Note that any of the optional arguments above will over-ride any pipeline settings in the default pipeline or in the pipeline configuration file you provide via the --pipeline_file parameter.

Further usage notes:

  • You can run only anatomical preprocessing easily, without modifying your data or pipeline configuration files, by providing the --anat_only flag.

  • As stated, the default behavior is to read data that is organized in the BIDS format.
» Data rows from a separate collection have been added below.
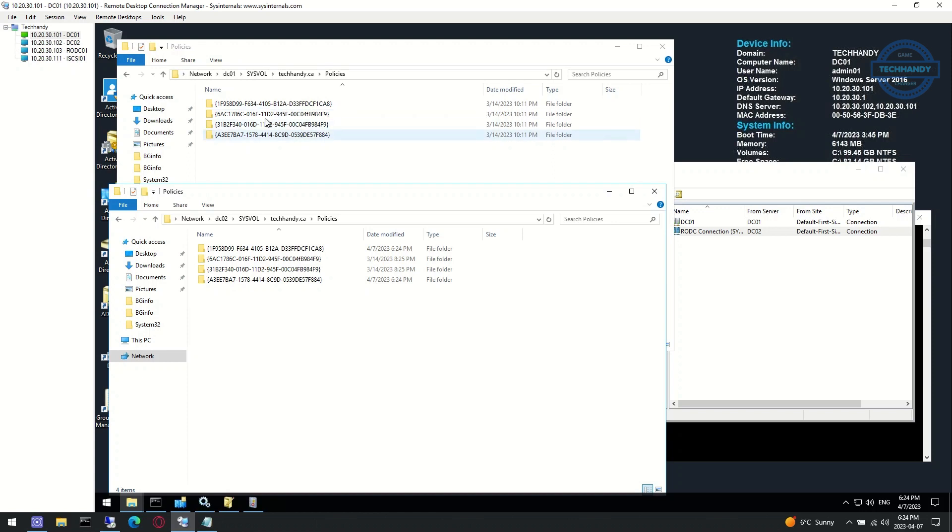As you can see, our sysvol policies count is now matched and fully synced between all domain controllers.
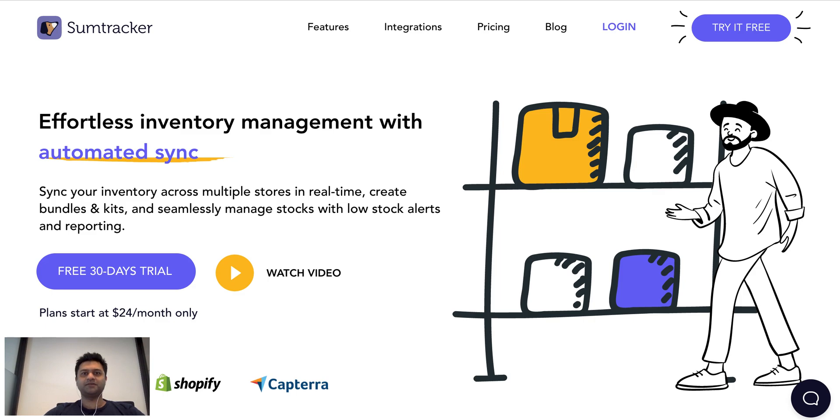Hi everyone, this is Ankit, founder of SumTracker App. In this video we are going to look at what is SumTracker, who is it for, and also look at its product demo.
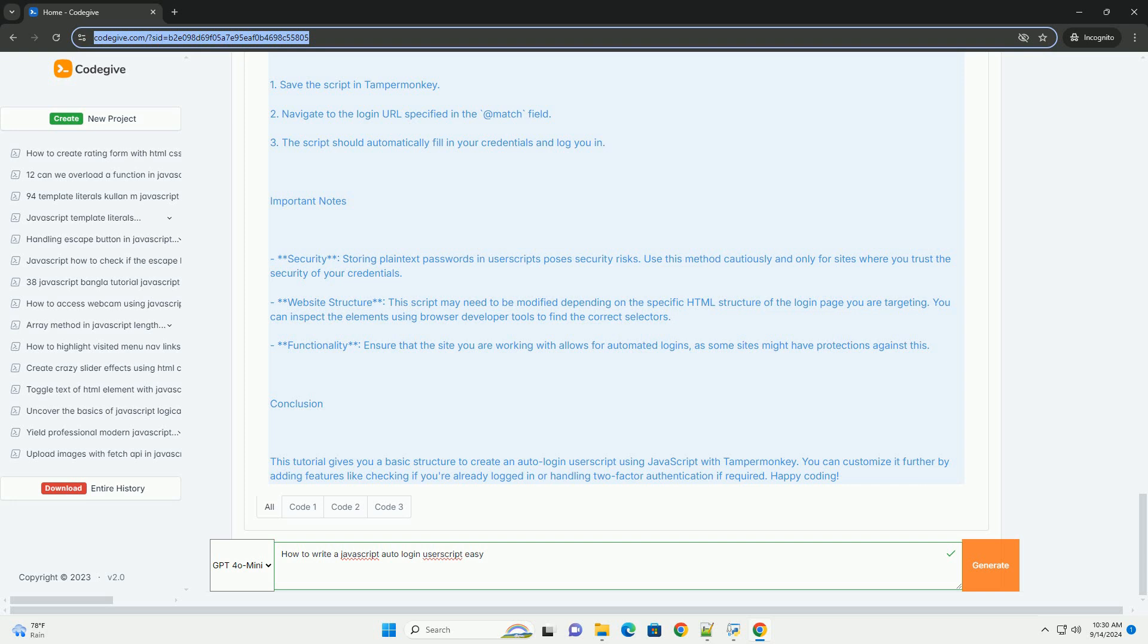Ensure that sensitive information is handled appropriately. This can streamline the login process and enhance user experience.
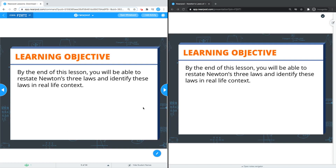This video will show you how to use the live annotation feature in your pod. Once you have launched a live lesson in your pod, you'll be able to use the live annotation feature. On the left hand side is the teacher side and on the right hand side is the student side, so that you can see from both perspectives how this feature works.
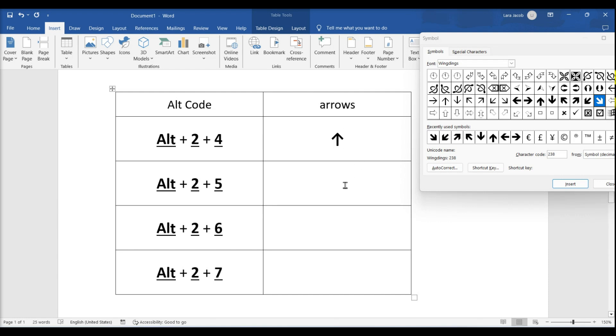Press and hold alt plus two plus five. Then press and hold alt plus two plus six. And press and hold alt plus two plus seven.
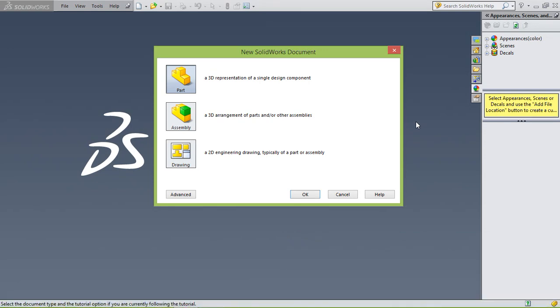Hey guys, in this tutorial I would like to show you how to use surfaces. We're gonna create a shape, not a product in particular, but I'm just gonna show you the basics, the basic features within surfaces that are used most of the time. So we're just gonna start. Let's create a part.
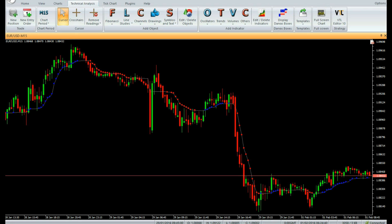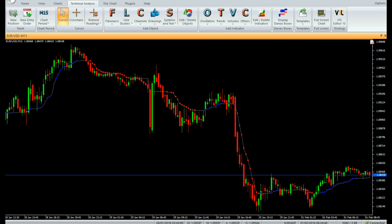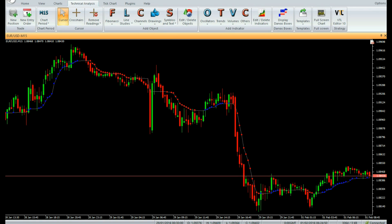When the indicator value rises by at least DK points, it implies that a strong bullish trend is possible, and hence a blue dot is marked on that bar. Similarly, when the indicator value falls by at least DK points, it implies that a strong bearish trend is possible, and hence a red dot is marked on that bar.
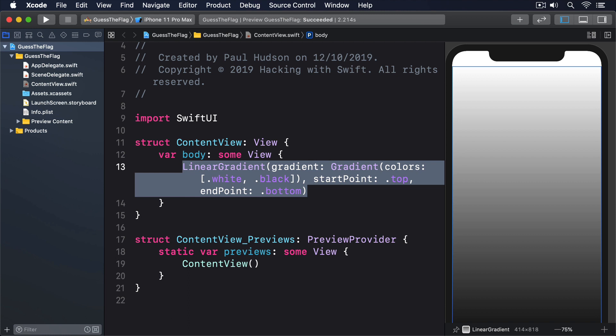In contrast, radial gradients move outward in a circle shape, so instead of specifying a direction, we specify a start and end radius: how far from the center of the circle the color should start and stop changing.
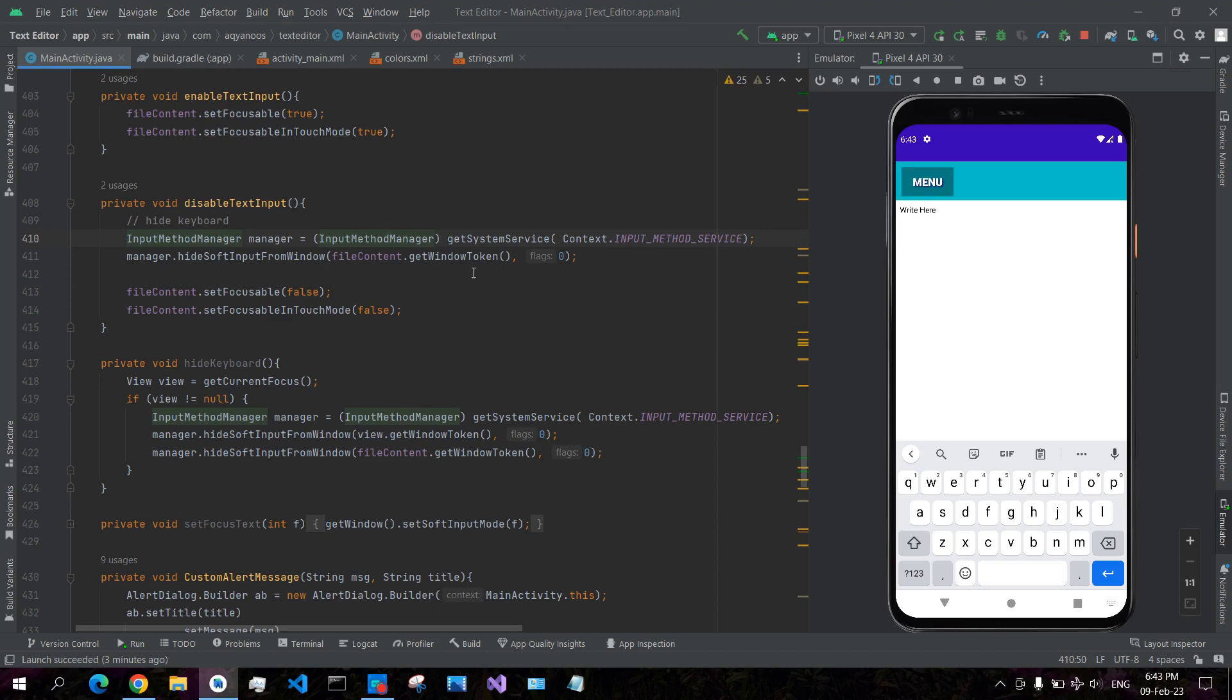And the first argument is the window token, an ID that identifies the window, so you tell the system where the keyboard is active. And then you pass zero to hide or one to open the keyboard. This works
This includes data that is in Amazon AWS S3 by using the format s3://<bucket_name>/<bids_dir> for the bids_dir command line argument. Outputs can be written to S3 using the same format for the output_dir. Credentials for accessing these buckets can be specified on the command line (using --aws_input_creds or --aws_output_creds).

  • When the app is run, a data configuration file is written to the working directory. This file can be passed into subsequent runs, which avoids the overhead of re-parsing the BIDS input directory on each run (i.e. for cluster or cloud runs). These files can be generated without executing the C-PAC pipeline using the test_run command line argument.

  • The participant_label and participant_ndx arguments allow the user to specify which of the many datasets should be processed, which is useful when parallelizing the run of multiple participants.